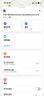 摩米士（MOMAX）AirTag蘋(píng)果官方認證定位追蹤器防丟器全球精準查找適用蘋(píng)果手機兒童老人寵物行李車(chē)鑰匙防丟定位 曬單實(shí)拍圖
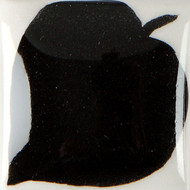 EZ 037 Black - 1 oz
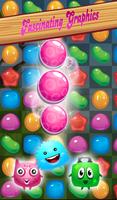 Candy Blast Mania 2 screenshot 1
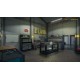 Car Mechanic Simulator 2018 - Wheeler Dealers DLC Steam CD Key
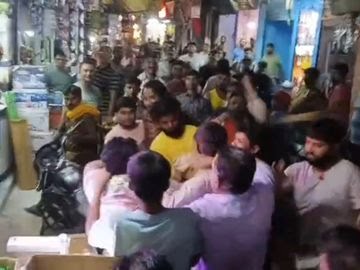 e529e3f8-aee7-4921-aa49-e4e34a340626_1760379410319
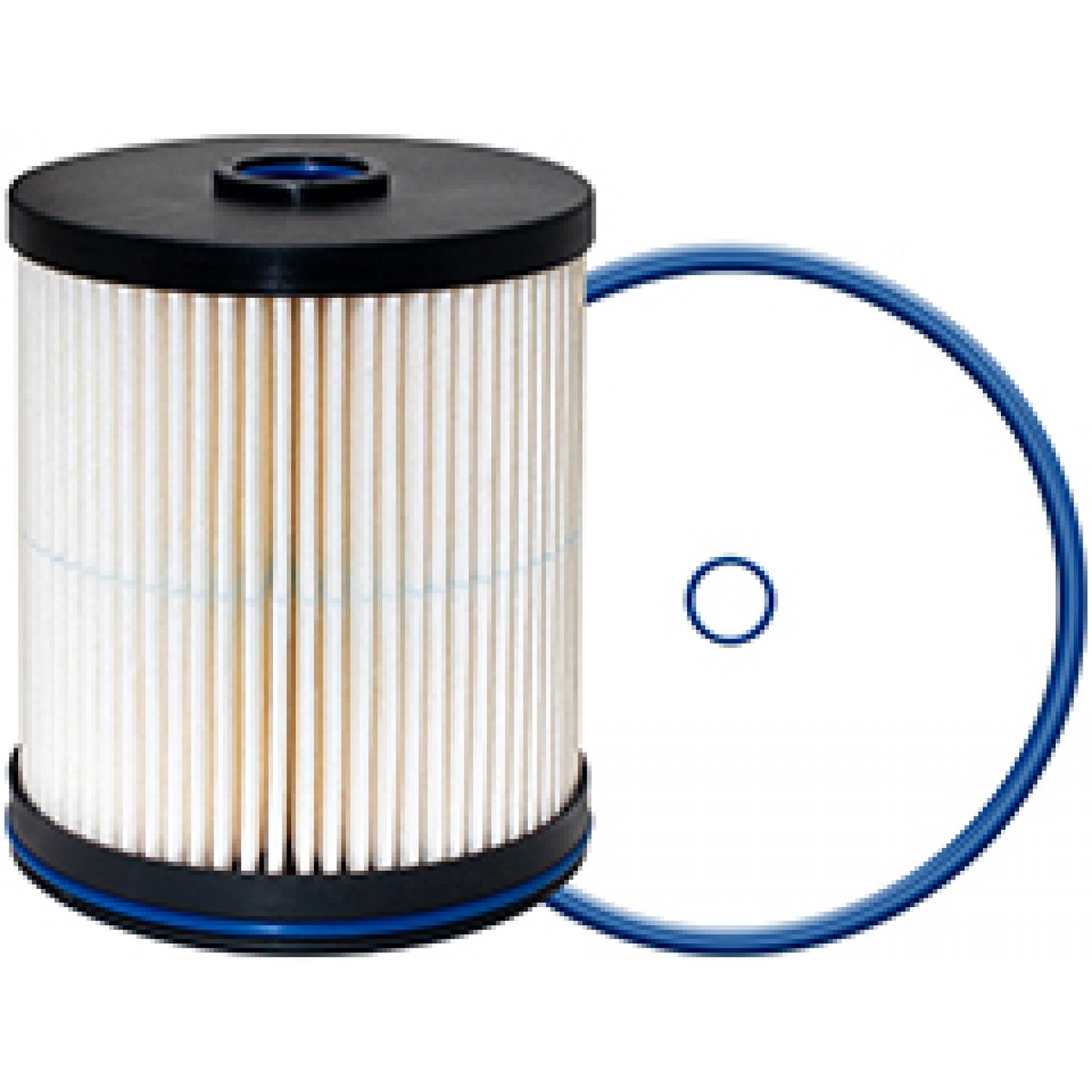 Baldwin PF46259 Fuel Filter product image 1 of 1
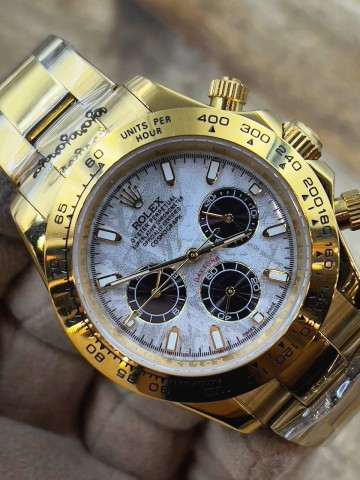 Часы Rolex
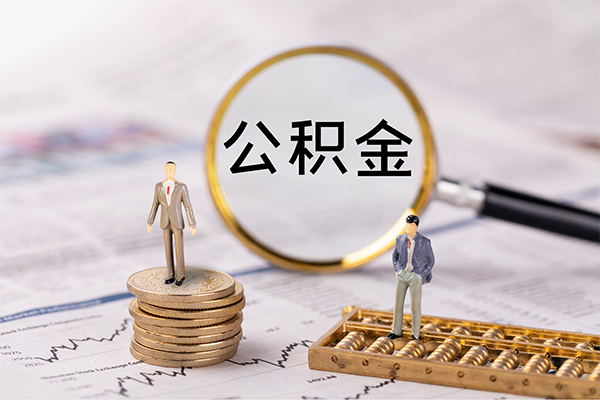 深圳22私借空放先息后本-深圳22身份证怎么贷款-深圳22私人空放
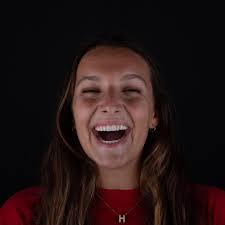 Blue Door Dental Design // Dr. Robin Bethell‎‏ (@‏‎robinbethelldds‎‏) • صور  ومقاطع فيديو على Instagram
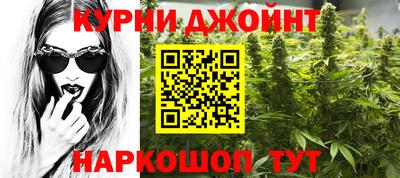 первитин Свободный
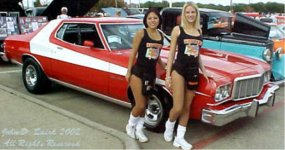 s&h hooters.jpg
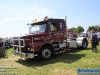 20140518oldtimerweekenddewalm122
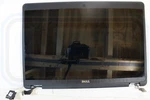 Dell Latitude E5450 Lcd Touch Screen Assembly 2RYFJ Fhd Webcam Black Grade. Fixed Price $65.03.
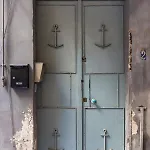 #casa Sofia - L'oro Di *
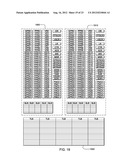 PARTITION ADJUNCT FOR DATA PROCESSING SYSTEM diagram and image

**What to do**
Give the material again exactly as it is, but keep the pictures out.

**Answer to the exercise**
 摩米士（MOMAX）AirTag蘋(píng)果官方認證定位追蹤器防丟器全球精準查找適用蘋(píng)果手機兒童老人寵物行李車(chē)鑰匙防丟定位 曬單實(shí)拍圖
 EZ 037 Black - 1 oz
 Candy Blast Mania 2 screenshot 1
 Car Mechanic Simulator 2018 - Wheeler Dealers DLC Steam CD Key
 e529e3f8-aee7-4921-aa49-e4e34a340626_1760379410319
 Baldwin PF46259 Fuel Filter product image 1 of 1
 Часы Rolex
 深圳22私借空放先息后本-深圳22身份证怎么贷款-深圳22私人空放
 Blue Door Dental Design // Dr. Robin Bethell‎‏ (@‏‎robinbethelldds‎‏) • صور  ومقاطع فيديو على Instagram
 первитин Свободный
 s&h hooters.jpg
 20140518oldtimerweekenddewalm122
 Dell Latitude E5450 Lcd Touch Screen Assembly 2RYFJ Fhd Webcam Black Grade. Fixed Price $65.03.
 #casa Sofia - L'oro Di *
 PARTITION ADJUNCT FOR DATA PROCESSING SYSTEM diagram and image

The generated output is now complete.